Результат оказался удачным для всех. Вот почему Булгакову после выхода «12 стульев» вернули рукопись и дневник и ГПУ оставило его в покое. Но прозе его уже не суждено было быть опубликованной при его жизни. Советская критика и без ГПУ сделала для этого всё возможное.
Остался последний вопрос: почему эту мистификацию проглядело литературоведение? На этот вопрос сегодня ответ уже очевиден. Нашим литературоведением недооценён гений и Пушкина, и Булгакова, как писателей-мистификаторов. Проблема повествователя в их романах у нас практически не рассматривалась - в противном случае мы бы уже давно догадались, как именно и Пушкин, и Булгаков использовали возможность передачи этой роли своему антагонисту. Эту задачу впервые решил А.Н.Барков в его двух основных трудах «Мастер и Маргарита. Альтернативное прочтение» (1994) и «Прогулки с Евгением Онегиным» (1998), но обе книги академическим литературоведением замалчиваются.
Я не строю иллюзий по поводу признания этой мистификации литературоведами.

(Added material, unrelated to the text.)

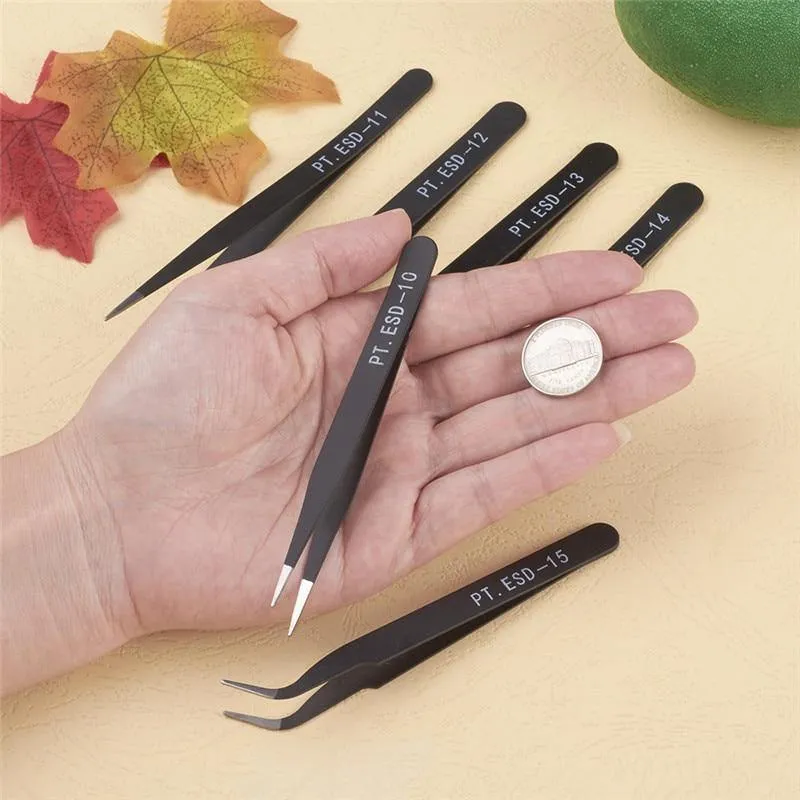 6 teile/satz Eisen Perlen Pinzette Sets Wimpern Verlängerung für Schmuck Machen Werkzeug Set Nägel Dekoration Gebogene Gerade Pinzette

Однако даже в случае их вынужденного согласия с изложенным в книге Амлински нам предстоит упорядочить уже имеющиеся знания о процессе создания и публикации «12 стульев» и «Золотого телёнка» и попытаться найти дополнительные сведения, проливающие свет на причину, по которой Булгаков выдавал московские баранки за одесские бублики, - или предложить какую-то иную версию событий того времени, которая смогла бы объяснить все эти необъяснимые в рамках существующей теории авторства этих романов «совпадения». В любом случае проблема потребует обсуждения.